The Trust, busy getting ready for the Sri Sathya Sai Aradhana Mahotsavam, rubbished the allegations and termed them a “publicity gimmick” timed to coincide with the Sai Baba’s death anniversary.
But whatever the truth of the allegations, the inescapable point is this – Puttaparthi cannot say “the God is dead, long live the trust.” The Sai Baba survived all kinds of scandals and rumours because he was the Sai Baba. The Trust cannot claim divinity. It remains answerable and vulnerable to the barbs of the Ganapathy Rajus of the world. And it would do well to rebut them forcefully and quickly. In the initial days after the Sai Baba's death, when stories of gold and cash coming out of his inner chambers were all over the media, the Trust was slow in responding to the events. Since then it's tried to be more transparent and on the ball but it still has a long way to go.
Last year while visiting Puttaparthi I found a town that was suspended in paralysis. It was in denial of the fact that the man who was its centre and star attraction was dead. The Baba’s devotees would constantly tell anyone who listened that Sai Baba was still there – it was just his mortal body that was gone. If he could perform miracles in America, while sitting in meditation in Puttaparthi, why do we have to be so invested in his physical presence, they asked. “Baba can take any form. He can come wearing a shirt like you,” Bansi Lal, an 88 year-old Seva Dal worker who had survived jaundice and two prostate operations, assured me.
“He is everywhere but his form is not here. That’s the problem,” a Dutch tourist told me. “There is no excitement.” The tourists still come but while they once stayed for weeks for a glimpse of Sai Baba in the flesh, now they will only stay at best for a few days to pay respect to his samadhi. “When Swami was here no tension,” a Kashmiri storeowner said. “This is not like any other temple town. Here there was only Swami.”
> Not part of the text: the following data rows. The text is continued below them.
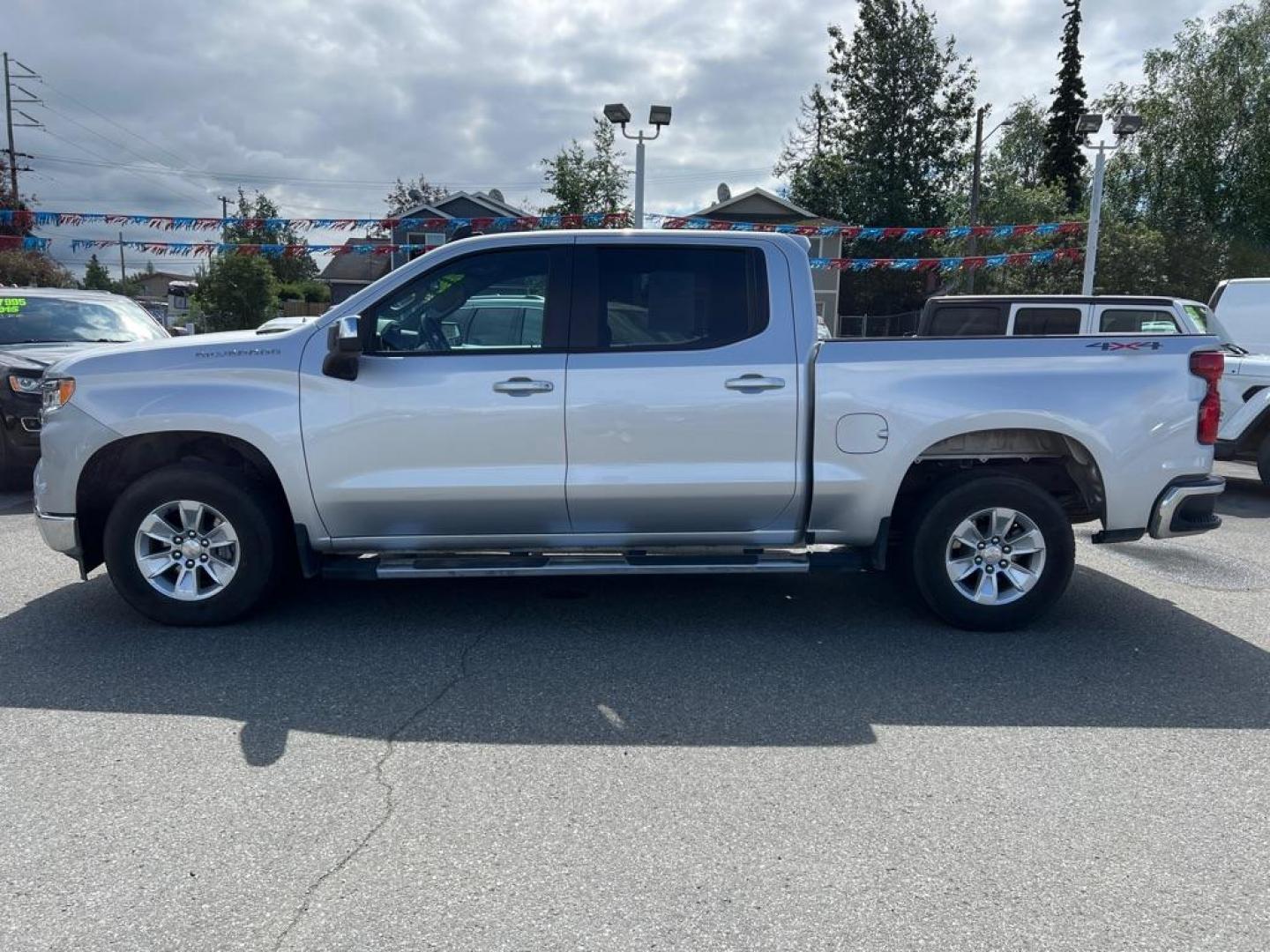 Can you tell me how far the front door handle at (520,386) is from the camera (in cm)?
492

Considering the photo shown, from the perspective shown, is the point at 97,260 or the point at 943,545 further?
the point at 97,260

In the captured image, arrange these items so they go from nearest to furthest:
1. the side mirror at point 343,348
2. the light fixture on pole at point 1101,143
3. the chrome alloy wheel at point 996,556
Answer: the side mirror at point 343,348
the chrome alloy wheel at point 996,556
the light fixture on pole at point 1101,143

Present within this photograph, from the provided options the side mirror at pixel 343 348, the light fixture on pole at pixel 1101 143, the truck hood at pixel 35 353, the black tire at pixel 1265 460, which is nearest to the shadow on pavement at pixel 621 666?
the side mirror at pixel 343 348

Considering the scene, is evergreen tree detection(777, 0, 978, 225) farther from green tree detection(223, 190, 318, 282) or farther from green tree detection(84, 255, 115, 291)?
green tree detection(84, 255, 115, 291)

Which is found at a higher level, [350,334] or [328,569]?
[350,334]

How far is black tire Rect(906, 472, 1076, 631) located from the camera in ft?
16.6

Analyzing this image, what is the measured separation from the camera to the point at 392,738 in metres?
3.87

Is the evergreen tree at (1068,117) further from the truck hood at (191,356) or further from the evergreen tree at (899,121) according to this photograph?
the truck hood at (191,356)

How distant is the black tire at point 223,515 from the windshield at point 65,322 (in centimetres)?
572

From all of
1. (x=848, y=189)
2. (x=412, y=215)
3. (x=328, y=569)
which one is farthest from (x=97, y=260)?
(x=328, y=569)

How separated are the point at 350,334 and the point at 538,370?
0.95m

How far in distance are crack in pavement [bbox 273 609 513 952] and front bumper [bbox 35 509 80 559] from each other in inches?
85.6

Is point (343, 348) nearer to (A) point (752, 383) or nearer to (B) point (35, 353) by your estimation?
(A) point (752, 383)

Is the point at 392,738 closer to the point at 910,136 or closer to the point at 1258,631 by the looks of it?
the point at 1258,631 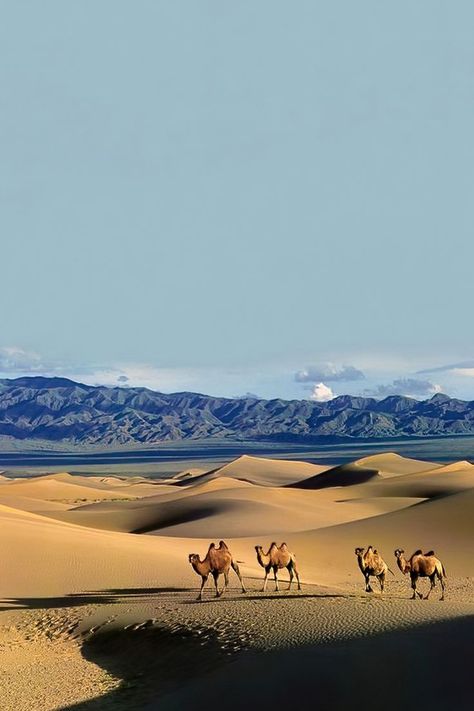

The programme to mark the one year anniversary of Sathya Sai Baba's death opened today with that million rupee question — a discussion on "Experiencing the Divine - From the Form to the Formless." The three-day programme to mark his death, from 23 April to 25 April is expected to draw 30,000–50,000 people according to the Trust.
But what next? Can it just live from anniversary to anniversary? The Trust has enough money to keep ongoing programmes ticking along and paying its bills. Even without any donations for the next few years it has enough in the corpus to keep its schools and hospitals running. But can it grow without the miracle of its founder’s vibhuti and his magnetic pull?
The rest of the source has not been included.